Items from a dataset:
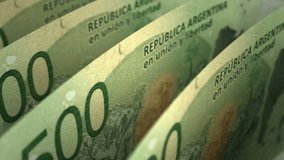 Argentinian Pesos Close-up (seamless) 3d Rendering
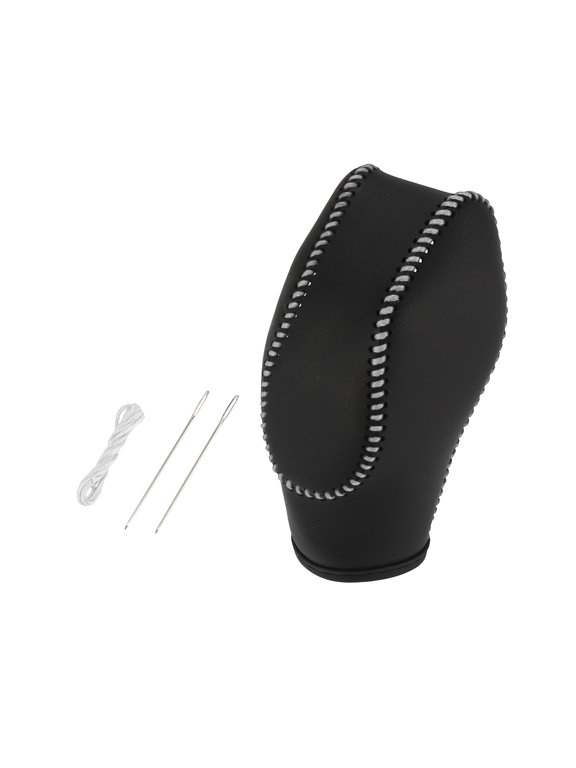 Car Faux Leather Gear Shift Knob Cover for Ford Focus Escape Fusion Transit Van Gray Line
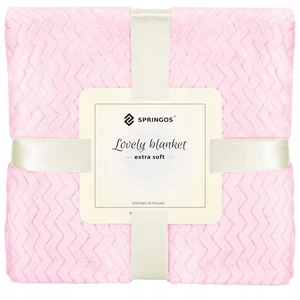Pledas Springos Lovely Blankets Extra Soft, rožinis, 160 cm x 200 cm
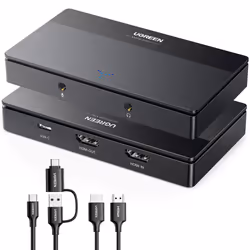 Video Capture Card HDMI to USB Type C Capture Device 1080P 60fps Streaming Record 4K Loop Passthrough Compatible with Switch  ...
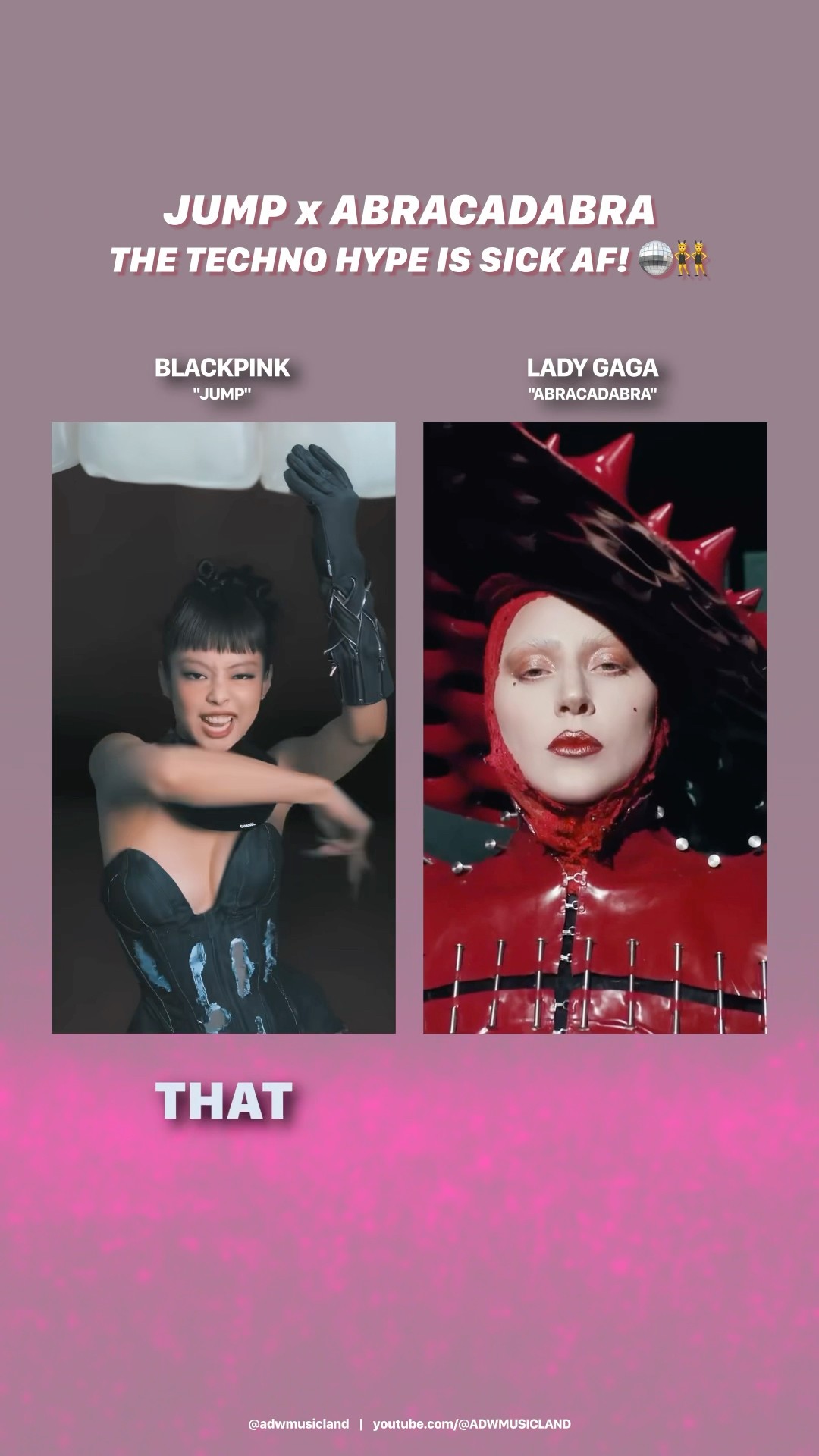 BLACKPINK x GAGA techno collab 🎧🪩 #JUMP #abracadabra @BLACKPINK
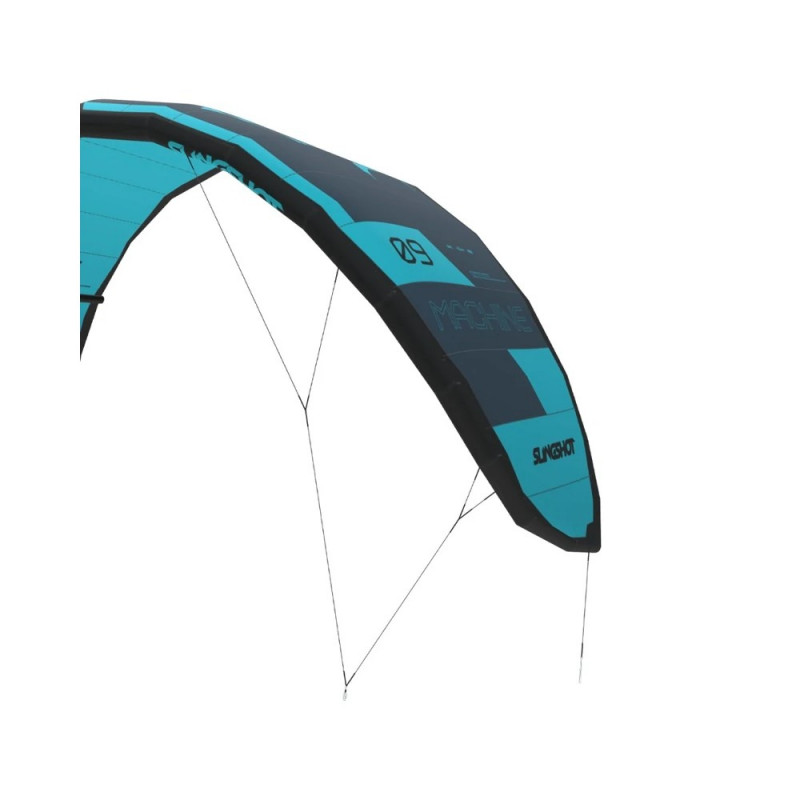 Aile de Kitesurf Slingshot Machine V1 Bleu
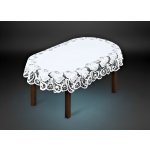 MyBestHome Žakárový ubrus Sandra oválný bílá 180x130 cm – Hledejceny.cz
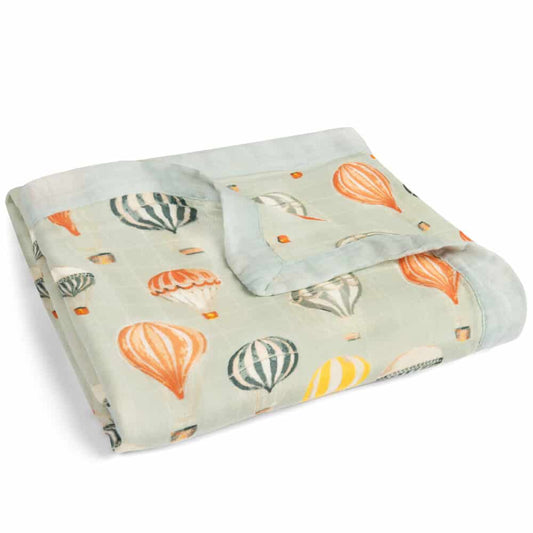 Vintage Balloons Big Lovey Three-Layer Muslin Blanket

| Exercise |
The lines from the one containing "Pledas Springos Lovely" to the last line of the records, both included: print exactly those and nothing else, leaving out any pictures.

| Finished exercise |
Pledas Springos Lovely Blankets Extra Soft, rožinis, 160 cm x 200 cm
 Video Capture Card HDMI to USB Type C Capture Device 1080P 60fps Streaming Record 4K Loop Passthrough Compatible with Switch  ...
 BLACKPINK x GAGA techno collab 🎧🪩 #JUMP #abracadabra @BLACKPINK
 Aile de Kitesurf Slingshot Machine V1 Bleu
 MyBestHome Žakárový ubrus Sandra oválný bílá 180x130 cm – Hledejceny.cz
 Vintage Balloons Big Lovey Three-Layer Muslin Blanket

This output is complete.